Fantasyland is divided into three distinct sections. Directly behind Cinderella Castle and set on a snowcapped mountain is Beast’s Castle, part of a Beauty and the Beast–themed area. Most of this section holds dining and shopping. Outside Beast’s Castle is Belle’s Village. Nestled inside lush and beautifully decorated grounds, with gardens, meadows, and waterfalls, is Maurice’s Cottage, home of Enchanted Tales with Belle.

The far-right corner of Fantasyland—including Dumbo, The Barnstormer kiddie coaster, and the Fantasyland Train Station—is called Storybook Circus as an homage to Disney’s Dumbo film. These are low-capacity amusement park rides appropriate for younger children. Also located here is Pete’s Silly Sideshow, a character greeting venue.

The middle of Fantasyland holds the headliners, including Under the Sea: Journey of the Little Mermaid and Seven Dwarfs Mine Train. The original part of Fantasyland contains classic attractions such as Peter Pan’s Flight and The Many Adventures of Winnie the Pooh. It also hosts the popular Princess Fairytale Hall meet-and-greet.

Here are our recommended rides for the very young ones:

Dumbo the Flying Elephant
Making sure your kids get their fill of this tame, happy children’s ride is what mother love is all about. The 90-second ride is hardly worth the long lines, unless, of course, you’re under 7 years old. Dumbo has a play area with interactive elements. If you have a wait, you will be given a pager that will buzz when it’s your turn to ride.

Fantasyland

Prince Charming Regal Carousel 
You’ll have a long wait, but the beauty of the carousel (formerly known as Cinderella’s Golden Carrousel) captures everyone.
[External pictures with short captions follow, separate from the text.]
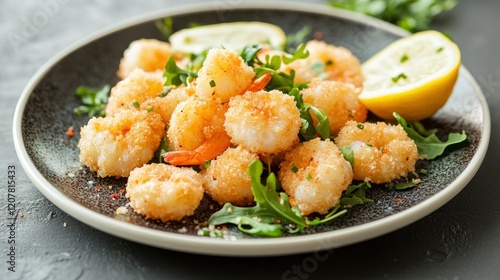 Crispy Breaded Shrimp Recipe with Lemon and Arugula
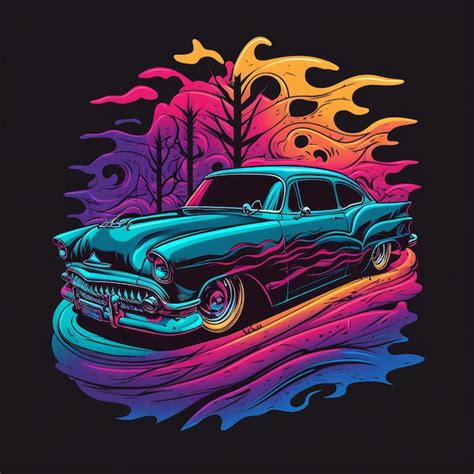 Premium Photo | A colorful illustration of a car with flames on the front.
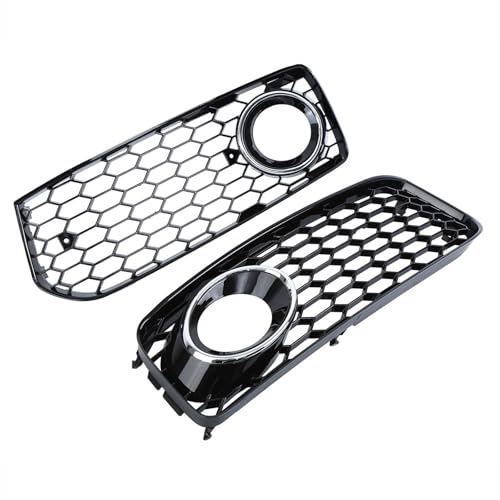 Calandre antibrouillard avant haut de gamme pour A5 SLine et S5 B8 maille hexagonale noire 2 pièces - 2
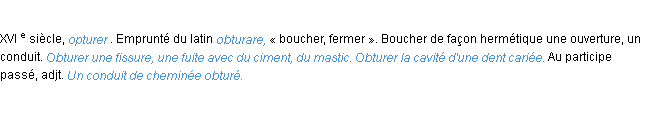 Définition obturer ACAD 1986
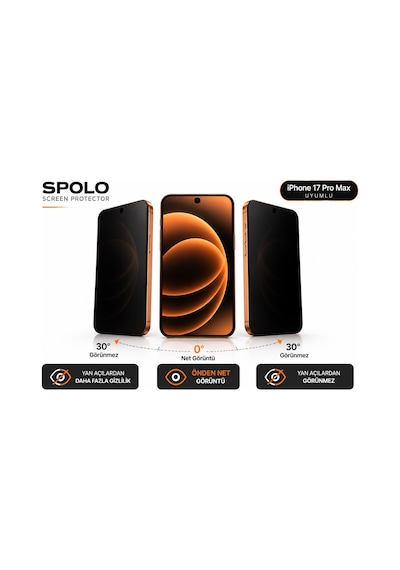 Spolo Apple iPhone Uyumlu  17 Pro Max Hayalet Ekran Koruyucu Gizlilik Camı Yan Görüş Önleyici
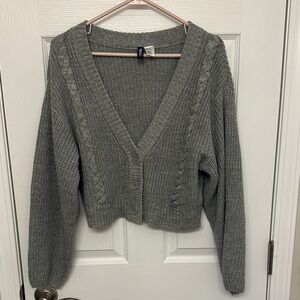 H&M Charcoal Cable Knit Cardigan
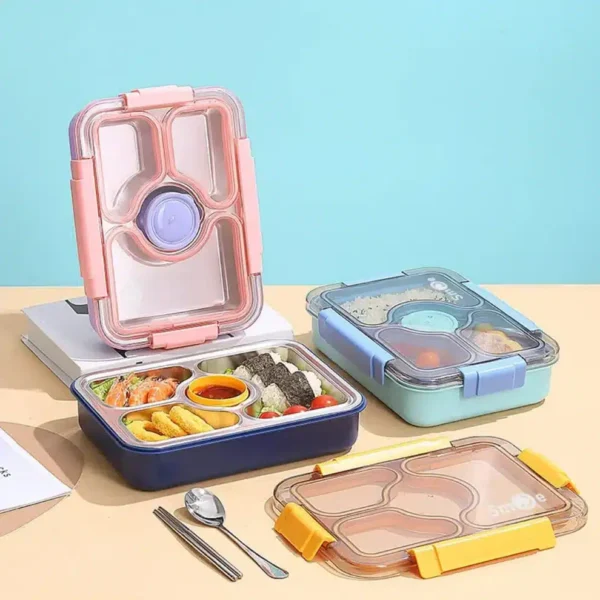 4 Compartment Stainless Steel Bento Lunch Box With Cutlery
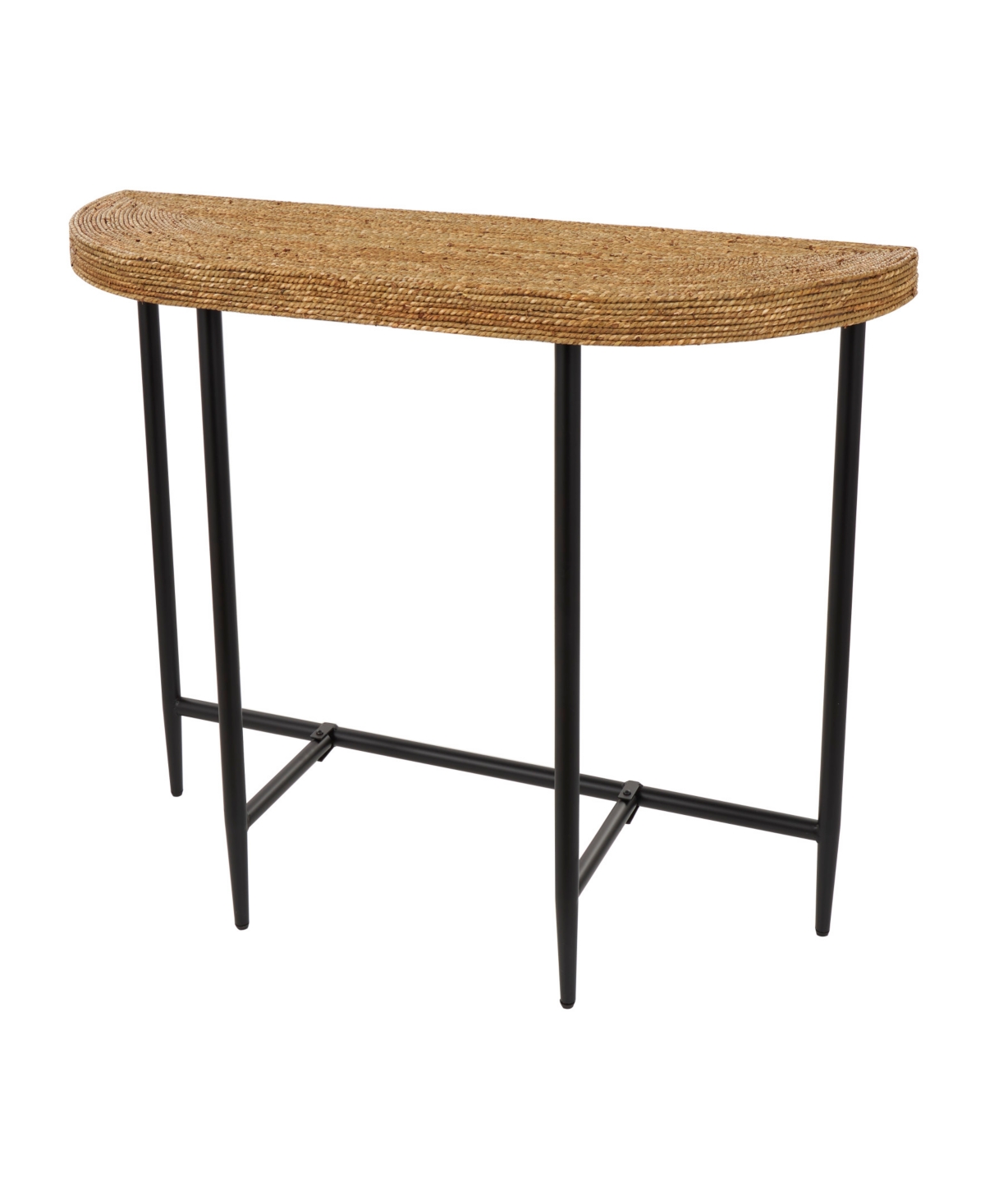 Shop Rosemary Lane 48" X 16" X 32" Seagrass Woven Half Moon Black Metal Legs Console Table In Brown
The carousel, built in 1917, was discovered in New Jersey, where it was once part of an amusement park. It is beautifully maintained and especially magical at night when all the lights are on. Check out your children’s delighted expressions as the painted ponies go up and down.

The Many Adventures of Winnie the Pooh
This attraction is sunny, upbeat, and charming without being saccharine. You ride a Hunny Pot through the pages of a huge picture book into the Hundred Acre Wood, where you encounter Pooh, Piglet, Eeyore, Owl, Rabbit, Tigger, Kanga, and Roo as they contend with a blustery day. Pooh is a perfect test to assess how your very young children will react to indoor (dark) rides.

Peter Pan’s Flight
Peter Pan’s Flight is superbly designed and absolutely delightful, with a happy theme uniting some favorite Disney characters, beautiful effects, and charming music. This dark (indoor) ride takes you on a relaxing trip in a “flying pirate ship” over old London and thence to Never Land, where Peter saves Wendy from walking the plank and Captain Hook rehearses for Dancing with the Stars on the snout of the ubiquitous crocodile. There’s nothing here that will jump out at you or frighten young children. An interactive queuing area alleviates the pain of waiting in line as guests go through the Darlings’ house before boarding their ride to Never Land. Because Peter Pan’s Flight is very popular, count on long lines all day. You can meet the boy who never grew up, and at times Wendy, right next to the ride.

It’s A Small World
Small boats carry visitors on a tour around the world, with singing and dancing dolls showcasing the dress and culture of each nation. At the end of the ride, look for the panel bidding you (and your MagicBand) a personal good-bye.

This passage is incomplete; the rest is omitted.